31 March 2006

Neighborhood routines

Part of why I moved here was to shake up the routine I'd fallen into in Boston, with the same job and the same activities and the same places to eat and buy groceries. Why is it so comforting then, to find new routines here?

On Wednesday as I walked to rehearsal through Vesturbær, I thought of how many times I have already walked along these little streets- to the pool last summer before I had a job in the golden summer sunshine, to classes last fall in the stormy darkness, and now to music practice in the tenatitively budding spring. Lately I've been keeping an eye on certain yards where the snowdrops have been braving the sub-freezing temperatures and the blustering wind (on a side note, the noun for "blow" in Icelandic is "blástur"-love the word origins Icelandic lays bare).

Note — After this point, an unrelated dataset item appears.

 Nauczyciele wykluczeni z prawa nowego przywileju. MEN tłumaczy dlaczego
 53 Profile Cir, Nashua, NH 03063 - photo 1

In that time I've learned where the friendly cats are (The fluffy calico on Neshagi will climb into your lap and refuse to leave), and watched the chalk art drawn by local kids appear and wash away in the rain week by week. Some yards are tidy, others blown over with gum wrappers and Pepsi bottles, some are undergoing some major re-plantings, and one house has a brand-new fence ringing the yard since I started walking these sidewalks. The light has come and gone and is coming again, and the air is beginning to carry the summertime smell of Black Hawthorne again now.

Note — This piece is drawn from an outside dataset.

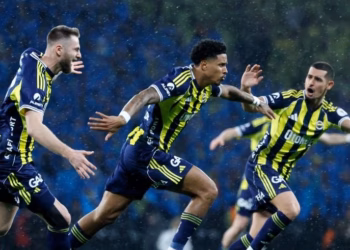 Fenerbahçe fitues i Superkupës në Turqi, mposht rivalin e vjetër Galatasaray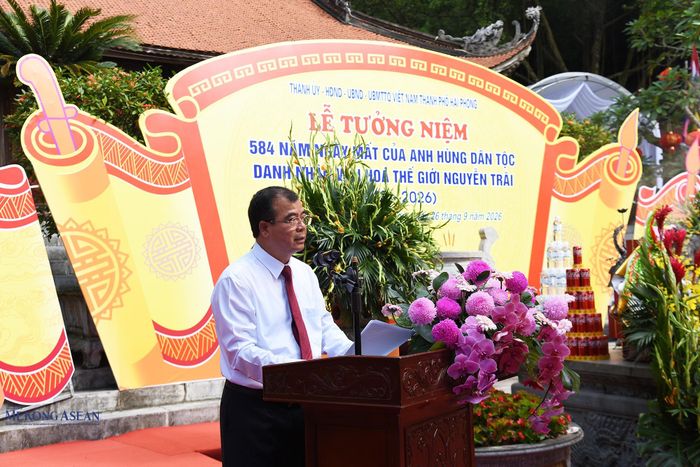 Ông Nguyễn Minh Hùng, Phó Chủ tịch UBND thành phố Hải Phòng, Trưởng Ban tổ chức Lễ hội Côn Sơn, Kiếp Bạc - mùa Thu năm 2026 đọc diễn văn tại lễ tưởng niệm. Ảnh: Phùng Nguyện.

Sometimes I see into cozy dinnertimes as I walk by the houses too- on Wednesday I caught a glimpse of what looked like a dinner party of six people toasting over a drooping bouquet of tulips. Last Saturday morning on my way to rehearsal, I noticed a raven soaring on the air currents, climbing and plummeting with a flick of the wings, apparently just for the joy of flying. I paused to watch, and out of the corner of my eye I saw a woman on her fourth-floor balcony leaning on the railing in the morning sunshine. She also was watching this silent moment, and both of us watched together until the raven disappeared from view behind a distant building.

These little things are always the ones I find most appealing about life anyway, and in a new place they help feel like I belong, that I'm part of the process. I'm learning about the patterns of the neighborhood, sharing moments with people (even if they don't notice I'm there) and slowly, I'm weaving myself into it all.

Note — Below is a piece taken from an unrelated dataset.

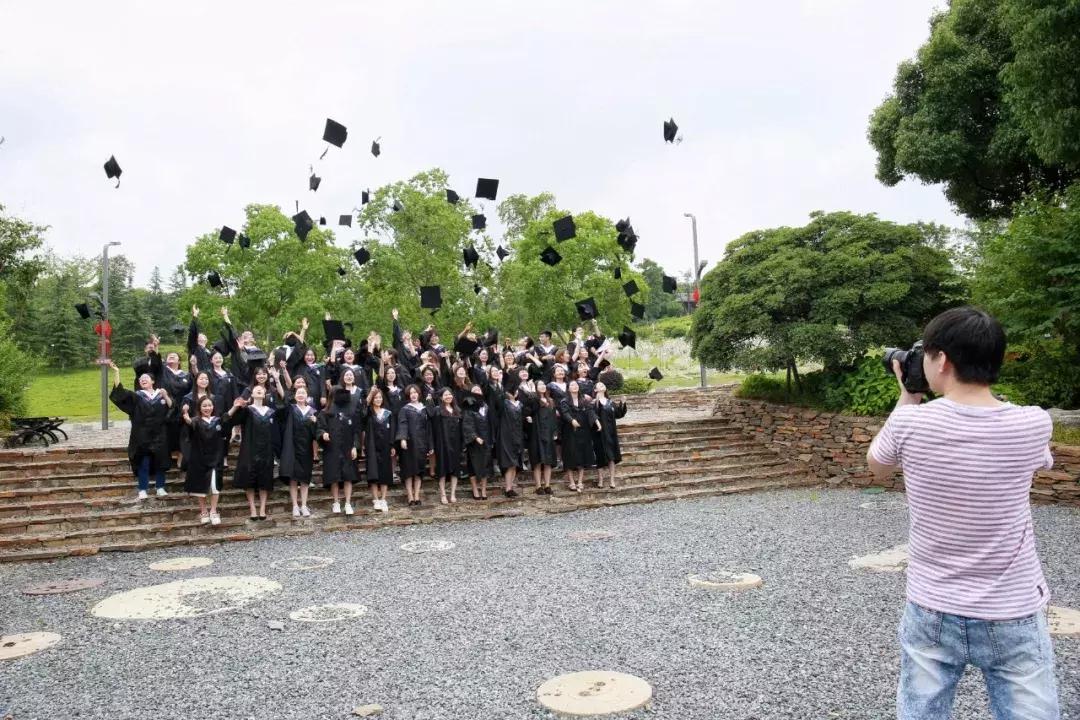 华科毕业生去武大拍毕业照,在武大拍的毕业季宣传片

Ship sighting: Last night at 8pm was an exciting time in the harbor. J and I saw a tugboat bustling the tankship Kasla into the harbor, then one of the sand-dredger boats, Laugarnes, came into view, heading the other direction. There were also two fishing boats due to leave at the same time, but I didn't see them. Engey RE1 arrived again yesterday too, as she was looming over Hamborgara Búllan again this morning.

3 comments:

carmen said...

Such beautiful, evocative posts! Thank you. You transport me every time I read.

(p.s. I stared at that pink cloud photo from yesterday forever. It was so beautiful.)

sb said...

It's really interesting to read about your walks through a neighborhood I grew up in and got to know as a child.
One never knows when meeting up in a town like Boston, where later you'll end up walking. My good ol' streets of vesturbaer
A quick fyi - I went to Melaskoli and was always in the nyjaport section the one overlooking the roundabout, and later I went to Hagaskoli, which is next door to your church practice. For years I'd train in the ithrottahus on the other side of your choir practice.

It's so nice to get a visual from a newbee eye :D I love it!

(sorry, I don't even know what the pc or positive word in Iceland is for a foreigner/immigrant there anymore)

ECS said...

Carmen: thanks for reading! I'm glad you like them. I'll keep posting the good daily mountain photos on Flickr when I get a good one, but I have a feeling the pink clouds won't be back for a bit.

sb: this is a great neighborhood. It's one of the things I love about RVK, that I can be living in a "city" but still have this local feeling with all the little yards and real houses instead of all apartment buildings. It's got such a personal feel here.